[[ The data, beginning ]]

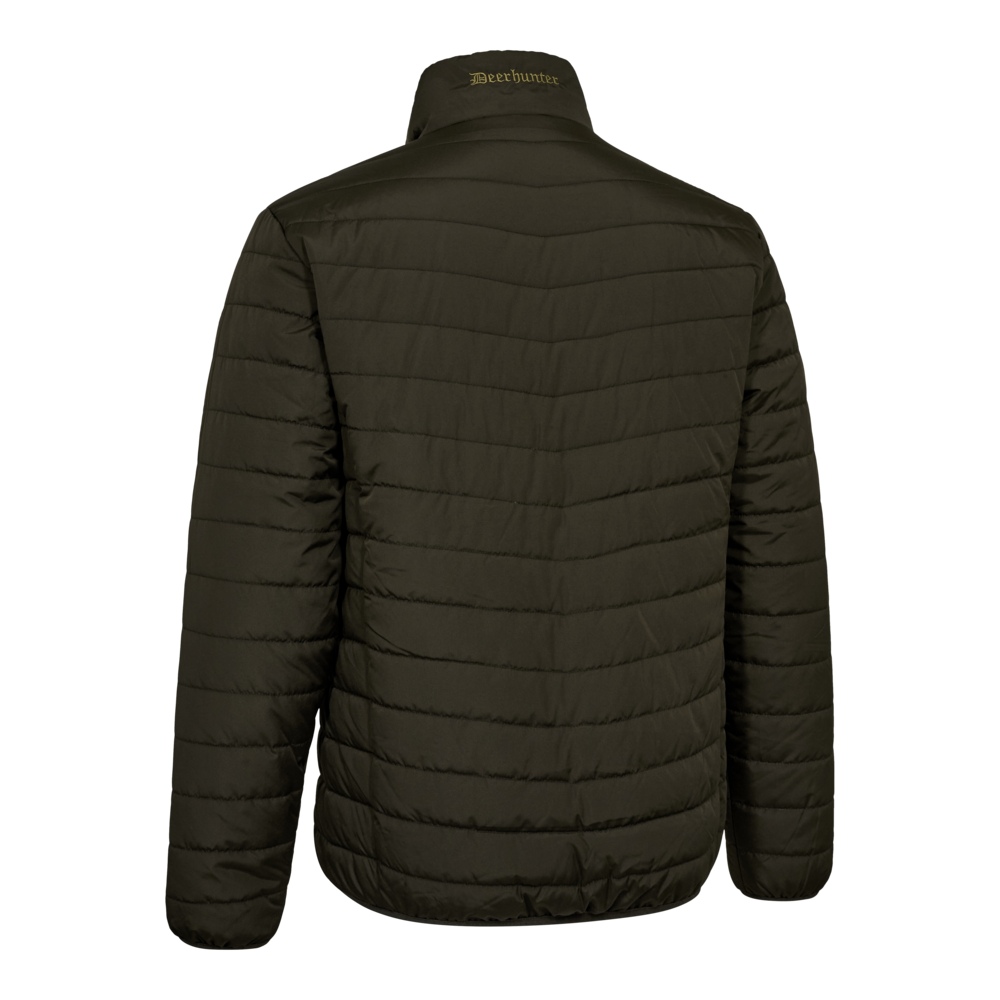 Deerhunter MOOR Fully Padded Jacket – bélelt férfi kabát – 5567 – Brown Leaf – levélbarna (571) – hátulnézet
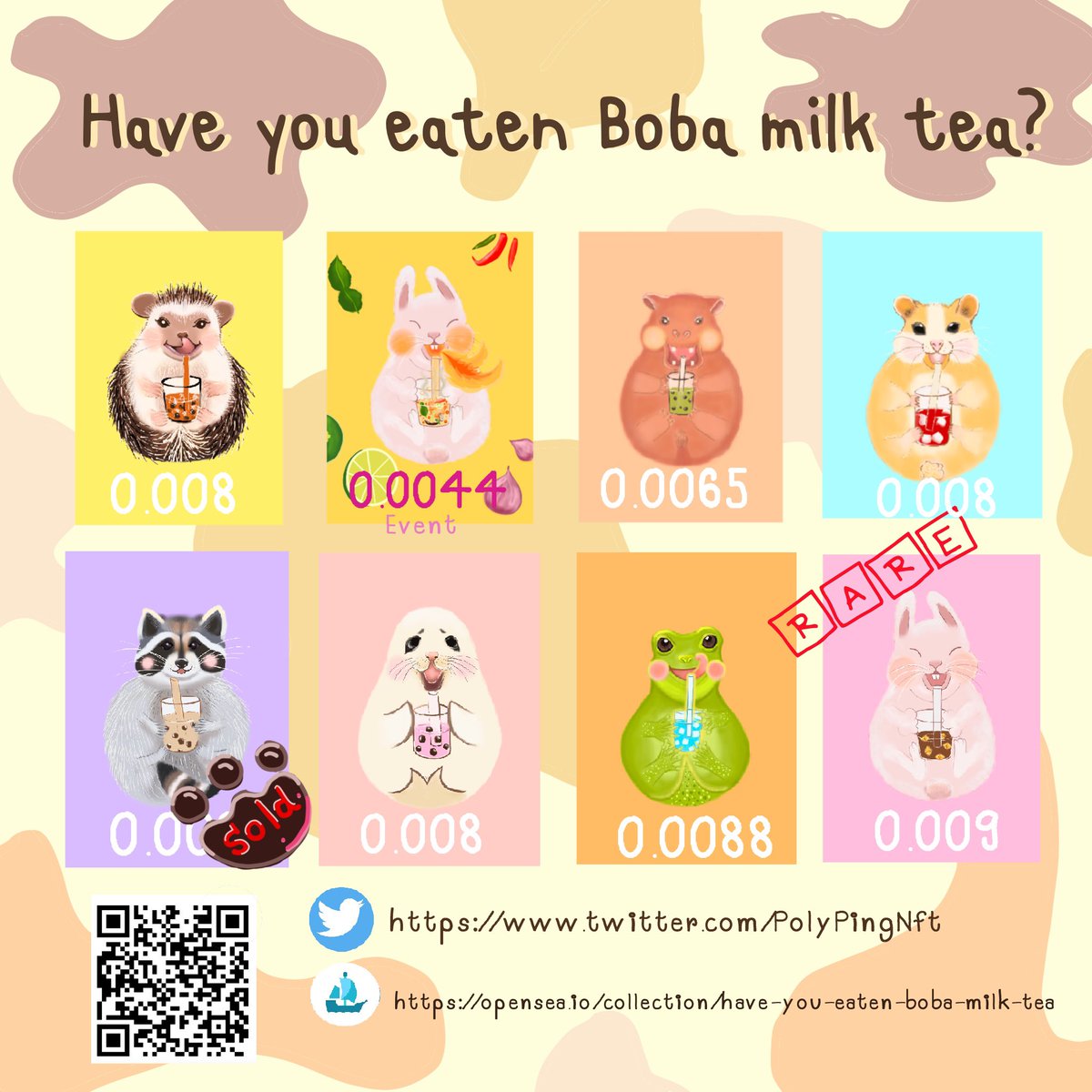 🎉 Let's Shopping 🏖
Available on Opensea 🐾
     ⌗ Start 0.004 ETH💓 
🦝 opensea.io/collection/rac…
🧋opensea.io/collection/hav…
#Polypingnft #NFTcollectibles #NFTThaicommunity #nftcollectors 
#NFTs #NFTcollection #OpenSeaNFT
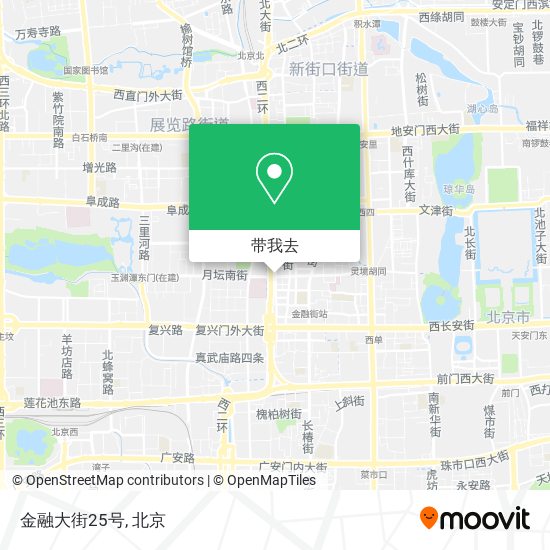 金融大街25号地图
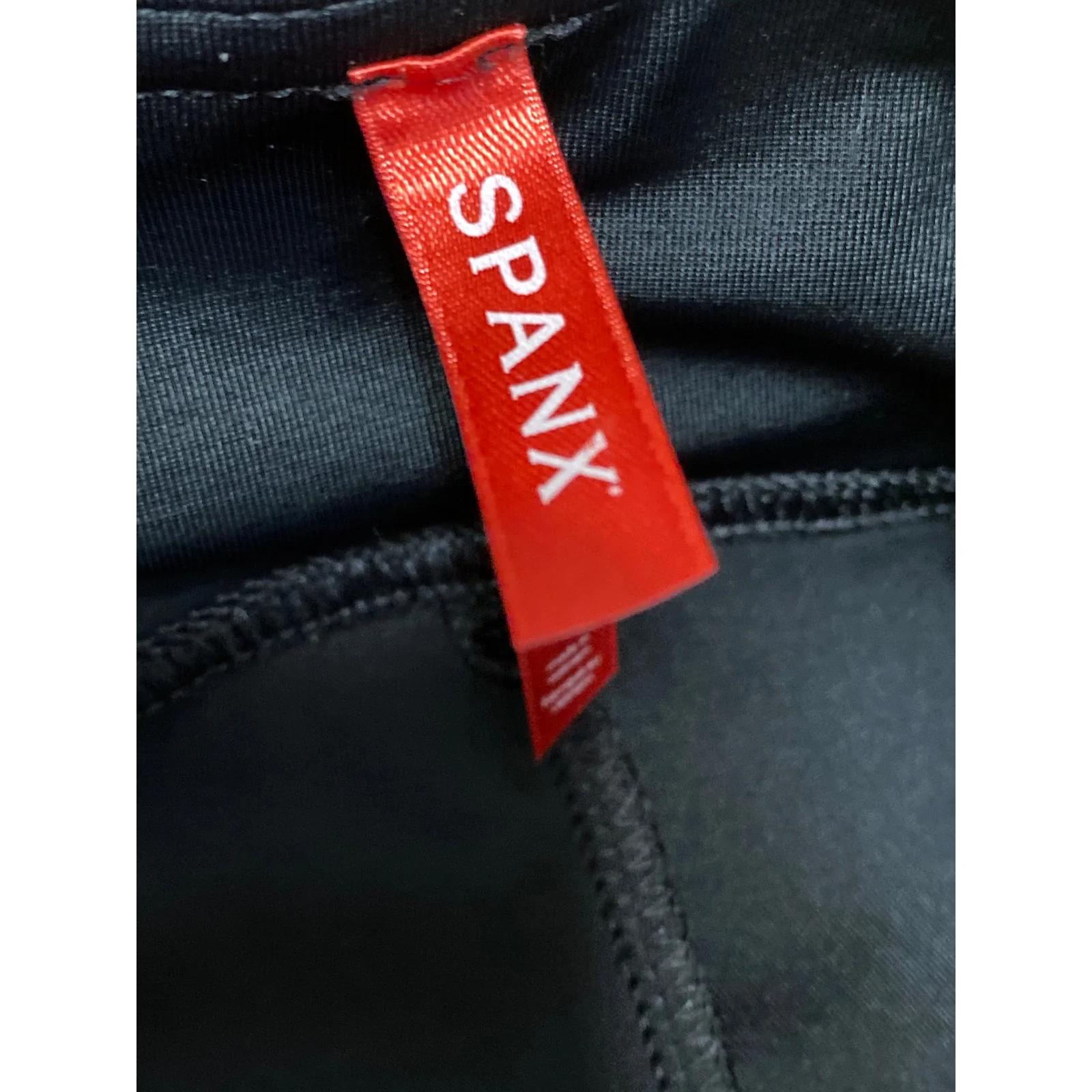 Spanx Womens Black Faux Leather Vegan High Waisted Leggings Casual Pants Size S - Image 5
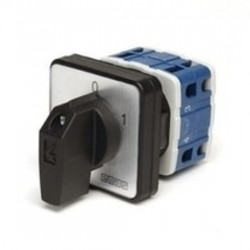 Grebenasti prekidač PSA020AK331S, 3x20A (0-1), 2 nivoa 60Â°, 6kA, 48x48mm IP54 Emas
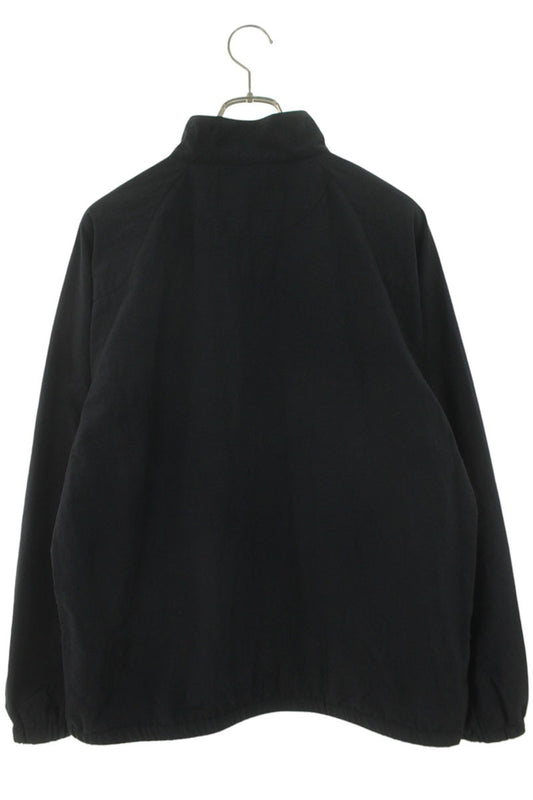 GOD SELECTION XXX Black Nylon Logo Half-Zip Jacket Size M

[[ The data, end ]]

Please copy the data above exactly, omitting the pictures.

 Deerhunter MOOR Fully Padded Jacket – bélelt férfi kabát – 5567 – Brown Leaf – levélbarna (571) – hátulnézet
 🎉 Let's Shopping 🏖
Available on Opensea 🐾
     ⌗ Start 0.004 ETH💓 
🦝 opensea.io/collection/rac…
🧋opensea.io/collection/hav…
#Polypingnft #NFTcollectibles #NFTThaicommunity #nftcollectors 
#NFTs #NFTcollection #OpenSeaNFT
 金融大街25号地图
 Spanx Womens Black Faux Leather Vegan High Waisted Leggings Casual Pants Size S - Image 5
 Grebenasti prekidač PSA020AK331S, 3x20A (0-1), 2 nivoa 60Â°, 6kA, 48x48mm IP54 Emas
 GOD SELECTION XXX Black Nylon Logo Half-Zip Jacket Size M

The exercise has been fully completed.